» Exercise instructions
State how many lines in these records contain the word "Courbe", and nothing else.

━━━━━━━━━━━━━━━━

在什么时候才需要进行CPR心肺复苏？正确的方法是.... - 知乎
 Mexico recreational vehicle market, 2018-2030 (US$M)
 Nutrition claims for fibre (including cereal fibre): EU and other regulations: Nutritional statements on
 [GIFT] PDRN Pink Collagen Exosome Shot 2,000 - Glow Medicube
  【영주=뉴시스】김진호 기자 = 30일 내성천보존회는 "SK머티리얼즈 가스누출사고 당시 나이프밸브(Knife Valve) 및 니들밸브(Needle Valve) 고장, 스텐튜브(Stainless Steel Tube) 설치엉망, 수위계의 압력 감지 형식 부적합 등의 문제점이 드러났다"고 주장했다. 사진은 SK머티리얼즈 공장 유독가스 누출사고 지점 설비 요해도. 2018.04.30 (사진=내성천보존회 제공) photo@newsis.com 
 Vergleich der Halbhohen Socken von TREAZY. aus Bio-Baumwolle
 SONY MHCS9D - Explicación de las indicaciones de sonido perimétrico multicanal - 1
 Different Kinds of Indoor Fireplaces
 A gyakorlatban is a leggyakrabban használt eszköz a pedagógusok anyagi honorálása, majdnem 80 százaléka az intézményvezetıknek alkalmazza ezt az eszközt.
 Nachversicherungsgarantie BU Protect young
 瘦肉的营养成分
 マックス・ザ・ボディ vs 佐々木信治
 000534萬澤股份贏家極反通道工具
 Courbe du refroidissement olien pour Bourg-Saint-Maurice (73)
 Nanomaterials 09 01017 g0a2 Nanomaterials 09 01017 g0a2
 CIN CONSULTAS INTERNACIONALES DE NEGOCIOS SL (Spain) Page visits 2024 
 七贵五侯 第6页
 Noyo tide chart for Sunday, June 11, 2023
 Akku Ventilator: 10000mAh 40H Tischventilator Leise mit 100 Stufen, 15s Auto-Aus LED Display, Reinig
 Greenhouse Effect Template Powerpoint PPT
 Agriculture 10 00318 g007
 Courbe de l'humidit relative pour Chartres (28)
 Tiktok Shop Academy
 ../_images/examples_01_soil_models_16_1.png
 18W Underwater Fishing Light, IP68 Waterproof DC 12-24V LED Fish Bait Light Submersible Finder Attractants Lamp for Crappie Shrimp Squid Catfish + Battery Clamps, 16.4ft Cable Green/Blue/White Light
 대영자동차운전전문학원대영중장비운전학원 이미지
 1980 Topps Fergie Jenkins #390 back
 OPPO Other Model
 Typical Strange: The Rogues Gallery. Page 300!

━━━━━━━━━━━━━━━━

» Solved exercise
2